En los tiempos presentes, donde la desacralización de los actos humanos rectos y libres (¡vaya redundancia!) es vicio repetitivo, hemos llegado, en lo cotidiano, a perder el sentido de lo propio, de lo que es constitutivo de nuestra humanidad, con esa filiación divina que nos eleva del fango como creatura de Dios que somos.
Porque, sufrido lector, no es lo mimo comer que alimentarse, no es lo mismo sentarse a la mesa que satisfacer instintos. En sendos casos, lo primero es propiamente humano y lo segundo completamente animal, independientemente de la elegancia del mantel o la calidad de los cubiertos.
Es una observación tan sencilla como olvidada. Siempre ha sido, y debe serlo, el almuerzo la parte central de la familia, de la casa, al mismo nivel que el rezo conjunto a Nuestro Señor Jesucristo. Tanto es así, y tanta es la ignorancia y el embrutecimiento existente, que es necesario recordar las simplezas.
Primero se reza, se bendice la mesa, sea usted o no creyente, Dios existe y el agradecimiento por lo que va a ingerir no le queda eximido ante Quien se lo ha proporcionado. Porque como ser contingente que es usted, que no posee en sí mismo su propia razón de ser, no será necesario explicitarle la contingencia de su comida, mucho más insegura que su existencia propia.
Comer todos juntos y empezando al unísono. Sólo los animales comen de forma individual aún estando en manada o piara. Ellos no esperan, sólo engullen, y cuanta mayor cantidad y más rápido, mejor. Siempre se espera por el último, máxime si ese último es el ama de casa, que con su tiempo, esfuerzo, dedicación y buen hacer es la que lo ha hecho posible, haya lo que haya en el plato.
Nunca se sirve a uno mismo, sólo las bestias obran para sí únicamente. Nuestro vaso o copa, sólo verá nuestra mano una vez rebosen los demás.
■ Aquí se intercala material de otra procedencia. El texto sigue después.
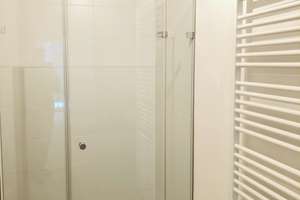 von privat: Top-Neubauwohnung mit Blick auf Rhein und Yacht-Hafen inkl. EBK - 116qm, 4 Zi – Taunusstraße 71, 55120 Neustadt, Mainz – Vorschaubild 14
No hay más comensales que los que están sentados a la mesa. Parece evidente, pero es tónica extendida invitar a extraños y, por ende, de dudoso o escandaloso comportamiento. Me explico: no se enciende el televisor. ¿Desde cuándo se invitan a extraños a casa? Mucho menos se les sienta en nuestra mesa.
A cada plato, el servicio al otro imperará, amén de una conversación que, por su naturaleza familiar, es obligada, agradable, participativa y comunitaria. Será el momento sobre el que pivota la vida, donde se entreteje lo vivido en la jornada, con sus alegrías y sus asperezas. Esto requiere un bien que no tiene precio y del que la avaricia está justificada: tiempo. Sin prisa.
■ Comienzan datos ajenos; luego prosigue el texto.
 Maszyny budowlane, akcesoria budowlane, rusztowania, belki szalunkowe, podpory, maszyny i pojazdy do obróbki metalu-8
Y cuando ya hemos finalizado, sorteando la última tentación de caer en un comportamiento animal: bendición, agradecimiento y colaboración.
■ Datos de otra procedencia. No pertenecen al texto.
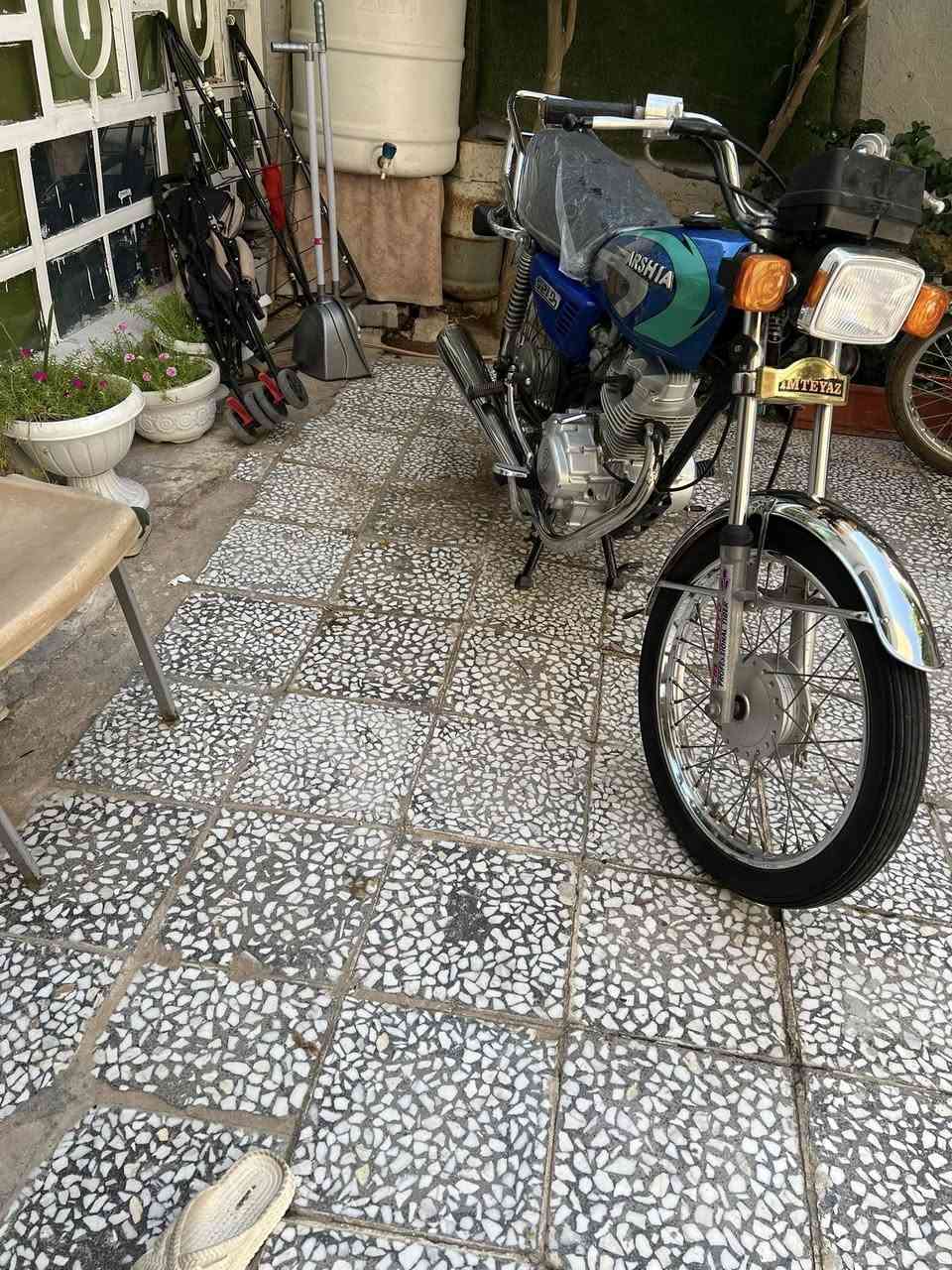 سلام عليكم نامه متياز موديل 2021دراجه جديده وعله فحص وكيله العارضي
السعر 725 وبيه مجال قليل الشراي ينصل وخادم ***********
No nos levantamos sin agradecer a Nuestro Señor Jesucristo lo comido, ni quedan los platos en la mesa como huesos abandonados por los buitres, ni recoger la mesa es tarea de uno sólo: ¡devorado el antílope todos a la cueva!, ¡no!
Y esto tanto en el hogar, como en el restaurante o sobre la manta en un día de campo, o en tras el coche con el maletero abierto tomando un humilde bocadillo de mortadela.
María Dolores Rodríguez Godino, Margaritas Hispánicas.